Discrepancies in the assessment of EBV incidence in MALT lymphoma could be a result of methods used for EBV detection. EBERs, unlike EBV DNA, are expressed abundantly during latent EBV infection of B cells. Detection of EBERs by ISH is an accepted method of identifying latent EBV infection. For example, DLBCL is considered EBV-positive if over 80% of the tumor cells contain EBERs [22]. However, the percentage of EBER-positive cells that would result in MALT lymphoma to be considered EBV-positive has not been standardized. Several studies have employed PCR or Southern blots for EBV detection; however, these techniques cannot be employed to determine the prevalence and distribution of EBV-positive cells. Therefore, it is difficult to determine in many reported cases whether the MALT lymphoma was truly EBV-associated or whether the reported EBV-positive status represented unrelated latent EBV infection.

The EBV-positive MALT lymphoma in our study showed EBER positivity in numerous atypical B cells forming lymphoepithelial lesions within the salivary gland ducts; however, the tumor cells were LMP1-negative. This staining pattern suggests that those cells in the MALT lymphoma had a pattern of EBV latency type 0/I (EBER-positive, LMP1-negative).

The histological findings of the simultaneous occurrence of MALT lymphoma and DLBCL in the parotid gland led us to initially assume a clonal relationship between DLBCL and the MALT lymphoma and histological transformation of MALT lymphoma as the origin of the DLBCL. HGAL, Bcl-6, and MUM1 expression was upregulated in DLBCL compared with MALT lymphoma. The development of Bcl-6 and MUM1 expression in DLBCL is described in histological transformation of MALT lymphoma [23] and does not contradict our original assumption. However, the absence of EBER-ISH and EBV DNA in DLBCL in our patient promotes the notion that the DLBCL was not clonally related to the MALT lymphoma. The differing patterns of clonal rearrangement of the IGH gene between the MALT lymphoma and DLBCL served to confirm this assumption.
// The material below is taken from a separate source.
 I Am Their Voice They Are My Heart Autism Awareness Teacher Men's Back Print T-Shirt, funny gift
Patients treated with MTX have been shown to develop LPDs that share characteristics with lymphomas occurring in immunosuppression; the EBV genome has often been present in lymphoma cells, and spontaneous regression was possible after withdrawal of the drug alone. Most cases of MTX-associated LPDs have been DLBCL [24,25,26]. MTX-associated MALT lymphomas are very rare. Mariette et al. described three cases of MALT lymphoma associated with low-dose MTX in patients with RA without SS; these occurred in the stomach, lung, and the skin and orbit, respectively [24]. Kobayashi et al. reported a case of orbital MALT lymphoma that disappeared after MTX withdrawal in a patient treated with MTX for RA [27]. Unlike our patient’s case, ISH did not detect EBV in any of these MALT lymphomas. Gong et al. noted one case of EBV-positive MALT lymphoma in patients with SS and RA receiving MTX, etanercept, and infliximab immunosuppressive therapy. Discontinued immunosuppression and subsequent rituximab therapy led to clinical improvement with the resolution of parotid symptoms [7]. In our patient’s case, MTX was abolished 1 year before the increase in the left parotid gland. Therefore, a role of MTX in the development of lymphoma seems unlikely.
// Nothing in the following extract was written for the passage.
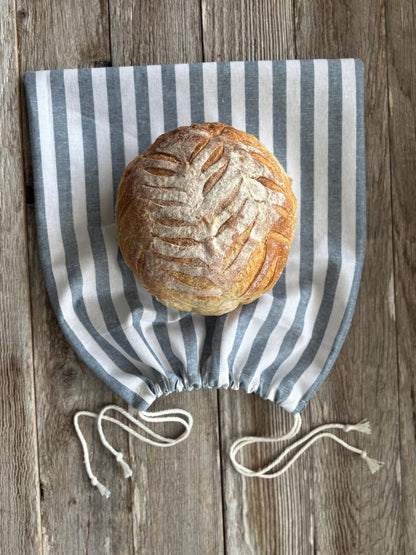 Beeswax Coated Linen Bread Bag for Sourdough, Reusable Food Storage Bag for Homemade Loaves and Artisan Bread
Little information is available on the relationship between leflunomide therapy and lymphoma development. However, Landais et al. checked VigiBase, a World Health Organization global database of individual case safety reports, and found 82 cases of lymphoma in patients treated with leflunomide [28]. Considering that our patient was taking leflunomide for 6 years before the diagnosis of lymphoma, we cannot rule out its effect on the development of lymphoma.

Conclusions

We believe this case study highlights the importance of EBV screening of low-grade B-cell lymphoma in patient populations with autoimmune diseases. The role of EBV in the pathogenesis of MALT lymphomas may be underestimated in these patients. In addition, we believe that judging whether DLBCL is a result of low-grade B-cell lymphoma progression through histological transformation should instead be based on determining exact clonal relationships, even in cases that may seem morphologically obvious.